I went for a walk with Kayla the other day. I hadn’t spent
much time with her in a while, and we hadn’t really talked about her studies,
her career through the school, in years.
“You’re graduating this year,” I said, after a bit.
“Yes.”
“Is it weird? I mean, you’ve been here forever.”
“Not forever,” she corrected me. “Just my whole life. And
yes, it’s weird.”
“I’d be scared, if I were you,” I said. She laughed.
“Is that your big-brotherly advice? To be scared?”
“No, it’s just what I would do. I’m not saying it’s a good idea.”
“I’m not scared. Maybe I should be? I’m going to miss all of
you, though.”
She has this deal, to make sure she goes out and experiences
the “real world,” where she’ll be barred from campus for a year, not even
allowed to call. If she wants to come back for her ring, she’ll have to be
Absent, or at least living and working elsewhere, for ten years, not the normal
three.
“We can visit you, though,” I pointed out.
“Only one at a time,” she reminded me. “And honestly, you
won’t. Not very often. You’ll get all wrapped up in your lives here, and you’ll
forget to visit.” I started to protest, but she overrode me. “No, it’s ok, I
think that’s part of the point. If they thought you’d all come by my apartment
every other minute, they’d probably put tighter restrictions on me.”
“They’re tough.”
“They are.”
“What about Aidan?” He's an exception to the one-at-a-time rule, I knew that.
“He has to come visit me. Every day and twice on Sundays. I
told Mom I’ll reveal the location of her secret chocolate stash if she doesn’t
take him.”
“Ooo! So, what’s your plan? When you leave?”
“Did I tell you I joined Joe’s company?” Impressive news,
though apparently a non-sequitur. Joe, my former boss on the janitor’s team,
you may remember, has a dance company off-campus. Hardly any students ever
dance with him, though, because he does not teach beginners. You have to
audition. She had passed.
“That’s great! So?”
“Well, he does pay his dancers. Not much, but with that on
my resume, and the dance classes I’ve been teaching at the summer camp, I
should be able to get a job as a dance instructor, somewhere.”
“Kayla, I’ve never asked you—what do you study here?” Her first few years, of course, she was just
taking the occasional course and mostly being a kid. She only really got
serious about earning her degree while I was away in by own Absence.
“When I was little,” she said, “and I’d ask my Mom how she
knew something, she’d always say ‘it’s something I learned in Mom School.’

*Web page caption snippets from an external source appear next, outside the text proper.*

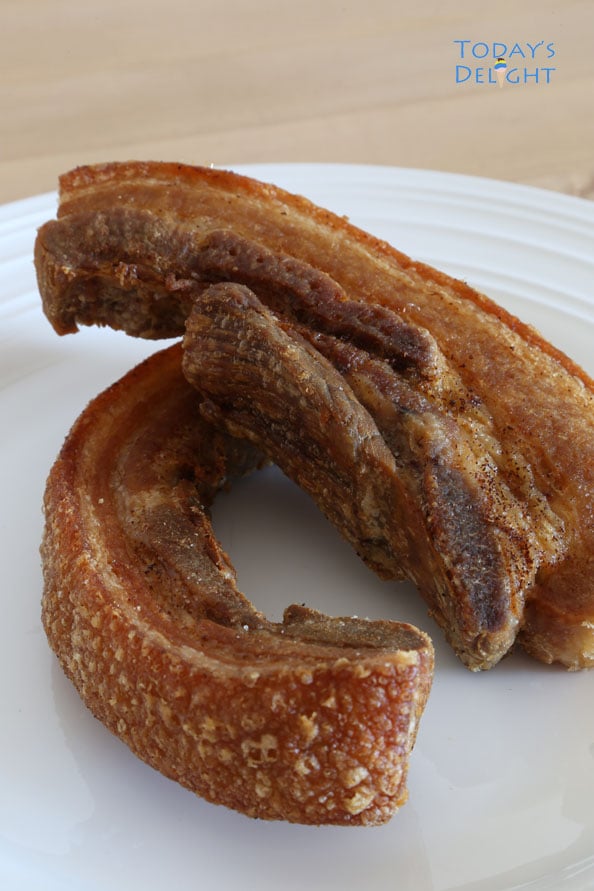 Two whole fried pork belly (lechon) on a plate.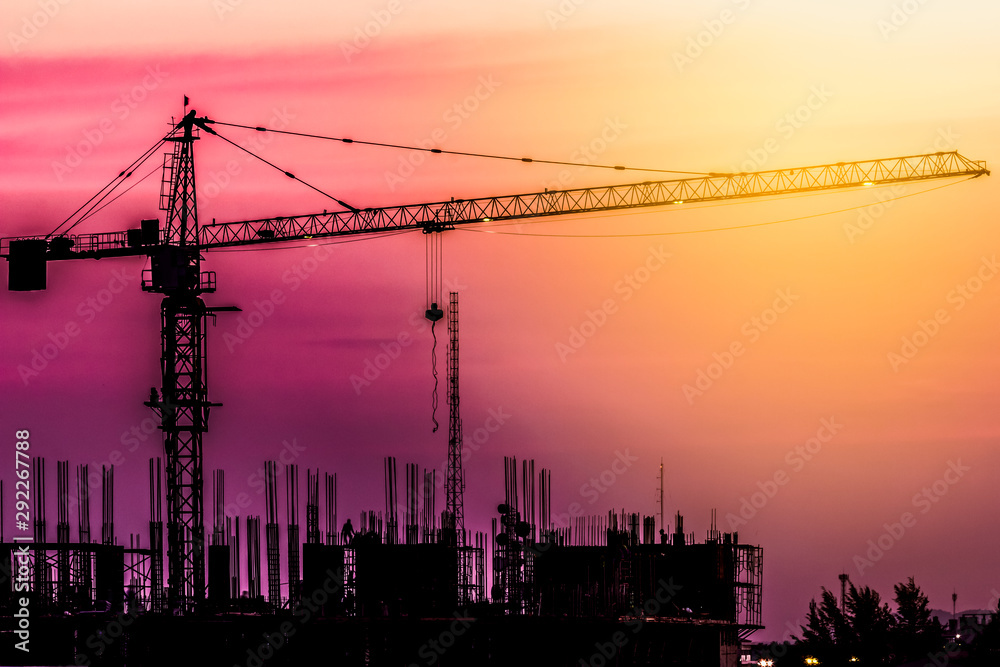 construction crane at sunset sky in the evening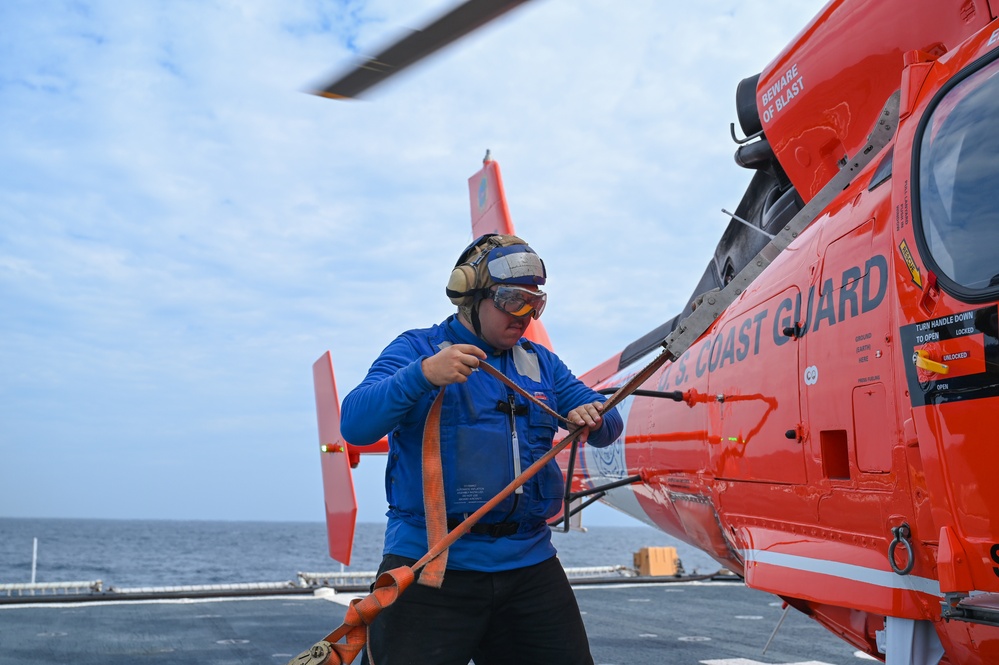 A U.S. Coast Guard crew member in a blue jacket is working on a flight deck, handling tie-down straps or securing lines attached to a bright orange Coast Guard helicopter. The scene takes place on what appears to be the deck of a Coast Guard cutter at sea, with open ocean visible in the background. The helicopter's rotor blades are spinning, indicating the aircraft is either preparing for launch or has recently landed.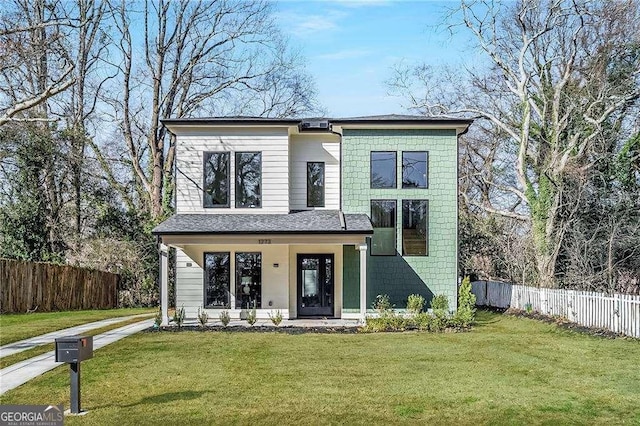 view of front of house with covered porch, fence, and a front lawn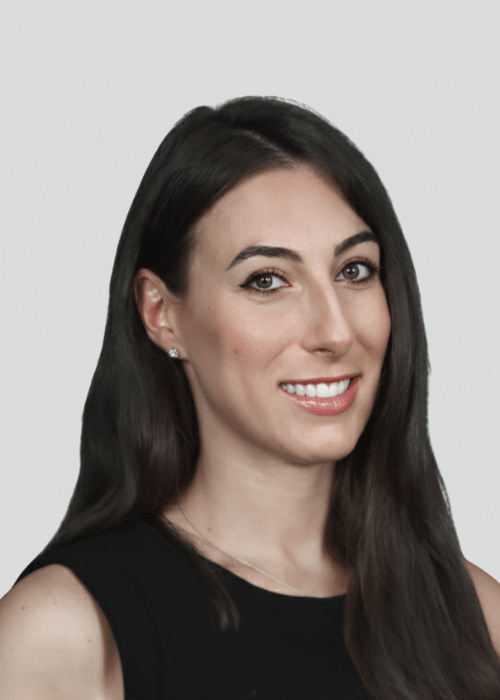 Woman with long dark hair smiling, wearing a black top against a neutral background.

Well, I guess I’ve been going to Mom School.”
“Oh?”
“Yeah. I mean, I met my healing requirement by learning how
to take care of a small child, everything from baby CPR to how to splint a
fracture, to reading all this child-development stuff. Magic is stage magic so
I can entertain my kid and make things he shouldn’t have in the first place
disappear. My spiritual studies revolve around what it means to be a mother and
how to integrate my experience of…having Aidan, you know? My Craft is cooking,
but I’m going to try to argue it’s building a human being… Mom School.”
“But your Mom is mostly raising Aidan.” As soon as I said
it, I knew I should not have, but she appeared not to take offense.
“Let’s just say that if Aidan comes into fatherhood early, I’ll
know how to help him.”
While we’d been talking, we’d come down among the sugar
maples on the side of the road. Most of the leaves are still up, and some of
them are even still green, but a lot have fallen already. I’d been using my foot
to idly push leaves into a small pile, as if I wasn’t paying attention to what
I was doing. Now, I knelt to tie my shoe.
“I know one thing you’re not prepared for though,” I said,
while still kneeling.
“What?”
“A Sneak Leaf Attack!” I shouted, and tossed the pile at
her. We were both wet and tired and covered with bits of vegetation when we
made it back for Friday Dorm Dinner.